I was tucking my little man into bed when he made his cheese confession.
“Mom, I forgot to tell you something.”
(Lewis, who shares pretty much every detail of his every day life with me, “forgot” to tell me something…my ears perked up immediately.)
“What’s that buddy?”
“I had to go to the principal’s office today.”
If my youngest had had previous incidents involving disobedience and disruptive behavior in school, this may have upset me a little bit. But as he is a pretty well-behaved, albeit un-Harms-ishly social six-year-old, I was more intrigued than anything.
“Why were you sent to the principal’s office?”
“Ryan couldn’t get the cheese out of his cup. You know, the cheese that the lunch ladies make? So I hit it out. And it landed on Ryan and on me and on Lexi.”
Yep. I can see my Lewis pounding on a plastic cup of cheese. I can visualize the goofy grin on his face and hear that contagious giggle that makes me want to squeeze him to pieces. I can also imagine him enjoying the attention of this little stunt a bit too much.
So much that it drew the attention of his principal.

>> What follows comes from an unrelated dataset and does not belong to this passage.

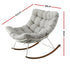 Papasan Rocking Chair with Cushion, Steel Frame & Wood‑Grain Base – Beige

I wonder what Lewis thought as Mr. Jimmerson approached his table. I wonder if he was embarrassed as he was forced to walk across the cafeteria alone to dump his tray. I wonder if his heart was racing when he took his seat in that room no one wants to get sent to. I guess maybe I’ll never know how it all went down.
But I do know that his guilty conscience wouldn’t let him go to sleep without confessing. Or more likely, his guilty conscience combined with thoughts of a looming parent-teacher conference. The fear of being found out seems to have a way of influencing the decision to fess up.
Whatever it was, my little man knew his best move was to confess.
Lewis has always had a way of making me smile, and tonight’s bedtime conversation was no exception.
I smiled because I knew his tender little heart really wanted his mommy to say it was okay. And I smiled because the kid is so stinking funny.
Lewis not only made me smile with his bedtime confession, but he got me thinking about accountability in adult-life.
I think we could all use a little healthy my-kindergarten-teacher-is-going-to-tell-on-me-fear like that in our lives. We need someone who isn’t afraid to ask us if we’ve done anything worth a trip to the principal’s office. And who isn’t going to just let us get away with it if we have. I know there are times I’ve tossed some stinky cheese – or maybe some unkind words or ugly thoughts- at people who didn’t ask for it.
And though I’ve never been sent to the principal’s office, I am pretty thankful for the people in my life who won’t let me get away with doing stupid stuff. And whose influence usually keeps me from doing the stupid stuff in the first place. How about you?